Eddie Izzard on Edinburgh, the Fringe and his memoir

A chat with Eddie Izzard as he races into the Edinburgh International Conference Centre with his new memoir Believe Me

Feature by Ben Venables | 05 Jul 2017

From the verbal dexterity of his shows to his prolific marathon running, Eddie Izzard is a hard man to keep up with; that's not to even mention his political passions and film output. It'd be easy to think it has always been this way. On first impression, his early childhood seems quite nomadic. The family following his father's career with BP – from what was then the British colony of Aden, to Northern Ireland and Wales. Might this help explain why Izzard today always seems on the go?

"I wouldn't term it like that," he says. "Initially, we were on the move, which was related to Dad's work. But, once we got to 1969, and moved to Bexhill, we were there for 11 years." 

Izzard offers a less romantic childhood explanation for his perpetual motion. Simply put: he grew out of travel sickness: "I used to throw up everywhere. My motion sickness problem just went on and on and on. Then in my late teens I seemed to get better. When I wasn't feeling ill I was overjoyed. The idea I could have a meal, a glass of wine and look out the window was fantastic."

His new memoir Believe Me: A Memoir of Love, Death and Jazz Chickens evolved from the documentary Believe: the Eddie Izzard Story. During that film, Izzard identified the real source of his constant drive – the loss of his mother, when he was only six. In a moment of self-revelation, he said: 'I keep thinking that if I do all these things, and keep going and going, then... she'll come back.' 

The book is full of tender moments, and especially of love; love for his father and brother come through on every page. There is a brief, idyllic time before his mother's death, when the family were all together in County Down. "That was where we were happiest," he says.  

The recurring patterns of Izzard's life come from his determination. As soon as he works out a way round some obstacle, time and again he masters the field. One example is on the school football pitch. Just from seeing how to block an attacking pass while training, it unlocks a whole world of unknown confidence and potential. Izzard soon goes from no-hoper to the first team. Today, he performs stand-up in several languages, despite having little more than high school French to go on when he set himself that aim. And he'd never run a marathon before taking on 43 in 51 days in 2009. 

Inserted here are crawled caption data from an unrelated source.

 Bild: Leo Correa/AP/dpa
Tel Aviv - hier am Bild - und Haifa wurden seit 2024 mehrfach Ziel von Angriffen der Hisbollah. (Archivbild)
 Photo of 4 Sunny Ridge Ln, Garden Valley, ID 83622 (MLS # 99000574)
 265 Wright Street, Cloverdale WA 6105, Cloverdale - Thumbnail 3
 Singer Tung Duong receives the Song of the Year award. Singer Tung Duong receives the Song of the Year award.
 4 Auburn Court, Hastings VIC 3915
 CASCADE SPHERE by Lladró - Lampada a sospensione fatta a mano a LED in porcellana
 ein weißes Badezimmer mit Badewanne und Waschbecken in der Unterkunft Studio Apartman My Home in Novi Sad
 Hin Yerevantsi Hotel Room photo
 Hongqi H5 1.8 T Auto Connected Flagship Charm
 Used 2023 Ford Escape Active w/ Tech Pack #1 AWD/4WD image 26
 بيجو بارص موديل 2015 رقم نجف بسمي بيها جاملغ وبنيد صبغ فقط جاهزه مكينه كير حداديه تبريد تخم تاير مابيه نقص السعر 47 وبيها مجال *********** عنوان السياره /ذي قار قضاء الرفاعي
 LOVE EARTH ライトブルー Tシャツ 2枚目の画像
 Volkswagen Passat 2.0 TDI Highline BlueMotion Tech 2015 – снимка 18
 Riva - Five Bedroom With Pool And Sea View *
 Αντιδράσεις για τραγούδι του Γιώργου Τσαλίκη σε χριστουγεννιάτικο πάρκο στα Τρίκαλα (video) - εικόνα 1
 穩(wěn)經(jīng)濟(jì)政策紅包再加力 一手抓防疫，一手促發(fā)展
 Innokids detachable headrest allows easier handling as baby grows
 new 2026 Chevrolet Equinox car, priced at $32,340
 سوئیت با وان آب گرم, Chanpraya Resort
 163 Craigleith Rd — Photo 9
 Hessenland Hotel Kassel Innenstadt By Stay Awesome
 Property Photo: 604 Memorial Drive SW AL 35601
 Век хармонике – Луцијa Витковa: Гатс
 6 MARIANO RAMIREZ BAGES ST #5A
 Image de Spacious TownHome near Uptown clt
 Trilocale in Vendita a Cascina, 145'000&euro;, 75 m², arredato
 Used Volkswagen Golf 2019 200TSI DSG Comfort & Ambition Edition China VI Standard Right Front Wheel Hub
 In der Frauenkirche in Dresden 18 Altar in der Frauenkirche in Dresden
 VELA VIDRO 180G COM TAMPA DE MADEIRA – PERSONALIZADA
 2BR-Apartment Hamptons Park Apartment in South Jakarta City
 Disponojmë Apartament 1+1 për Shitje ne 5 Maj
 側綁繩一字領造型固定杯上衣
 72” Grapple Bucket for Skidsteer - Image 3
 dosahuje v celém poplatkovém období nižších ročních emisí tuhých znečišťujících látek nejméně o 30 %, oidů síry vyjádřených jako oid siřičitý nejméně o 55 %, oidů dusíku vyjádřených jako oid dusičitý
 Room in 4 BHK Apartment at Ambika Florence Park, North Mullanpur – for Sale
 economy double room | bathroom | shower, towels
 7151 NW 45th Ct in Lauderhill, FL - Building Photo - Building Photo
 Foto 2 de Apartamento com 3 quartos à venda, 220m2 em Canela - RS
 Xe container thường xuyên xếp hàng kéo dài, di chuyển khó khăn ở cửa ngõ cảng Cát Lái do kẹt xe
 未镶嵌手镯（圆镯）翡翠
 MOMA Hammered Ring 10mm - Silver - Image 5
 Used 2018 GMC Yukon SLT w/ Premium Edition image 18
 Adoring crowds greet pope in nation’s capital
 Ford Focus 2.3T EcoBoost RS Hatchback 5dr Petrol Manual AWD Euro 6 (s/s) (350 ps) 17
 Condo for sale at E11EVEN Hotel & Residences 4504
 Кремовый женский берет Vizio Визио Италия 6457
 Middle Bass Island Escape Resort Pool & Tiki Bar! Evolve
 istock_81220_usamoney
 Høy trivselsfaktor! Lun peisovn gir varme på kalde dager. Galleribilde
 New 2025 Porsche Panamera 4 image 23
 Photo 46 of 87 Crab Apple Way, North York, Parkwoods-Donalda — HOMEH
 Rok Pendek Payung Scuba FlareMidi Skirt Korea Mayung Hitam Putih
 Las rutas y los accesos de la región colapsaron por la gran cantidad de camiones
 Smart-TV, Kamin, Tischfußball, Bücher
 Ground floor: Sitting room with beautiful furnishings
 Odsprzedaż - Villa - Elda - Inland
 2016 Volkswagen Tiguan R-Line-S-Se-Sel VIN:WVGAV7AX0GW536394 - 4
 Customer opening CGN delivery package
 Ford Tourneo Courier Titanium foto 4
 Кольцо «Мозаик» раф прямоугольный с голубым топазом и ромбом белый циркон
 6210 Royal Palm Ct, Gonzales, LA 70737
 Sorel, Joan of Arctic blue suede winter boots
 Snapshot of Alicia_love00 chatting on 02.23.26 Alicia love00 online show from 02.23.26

He names an educational method that is a little like his own. Although his first experience of the Nuffield syllabus may have contributed to him flunking A-Level Physics. As he explains: "The Nuffield syllabus said: 'Go and work out your own experiments, go and work out what you want to investigate, work out your projects, come back with results and then we'll grade it.' All I'd known before then was, 'Here are the notes, learn the notes and regurgitate it.' Nuffield was a different way of working. I was totally thrown by it initially. And, I sort of rejected it. I thought, 'I can't make up things to do.'

"But, later I found that everything I did was like the Nuffield syllabus. Working out how to do street performance, or how to come out as transgender, and then going into stand-up, or politics, and running marathons... Working things out as you go along, working out a way in, and getting better at it."

This includes his first ambitions to perform in Edinburgh. Izzard was studying accountancy at Sheffield University at the time, but he did so almost for the express purpose of infiltrating the student theatre society – all in the hope of emulating the revue and Footlights career path of his Monty Python heroes. As it happened, he'd picked one of the only student theatre groups not going to Edinburgh, though this proved no hurdle. 

One of the most vivid chapters in the memoir is Izzard's first trip to the Royal Mile. He rocks into the Fringe office unannouced and badgers the staff for advice, before returning to Sheffield with his hands stuffed with old programmes and forms. "I always knew I had to get to the Edinburgh festival. It was supposed to be through the Footlights at Cambridge. But, I went to Sheffield, which was better in the end because I had to build everything from scratch. I went up at 19 to work out how to do it, and later did the same with street performing. I still remember the Mound. I was just doing comedy well enough that people were reacting to it and coming to watch. I feel I arrived in Edinburgh."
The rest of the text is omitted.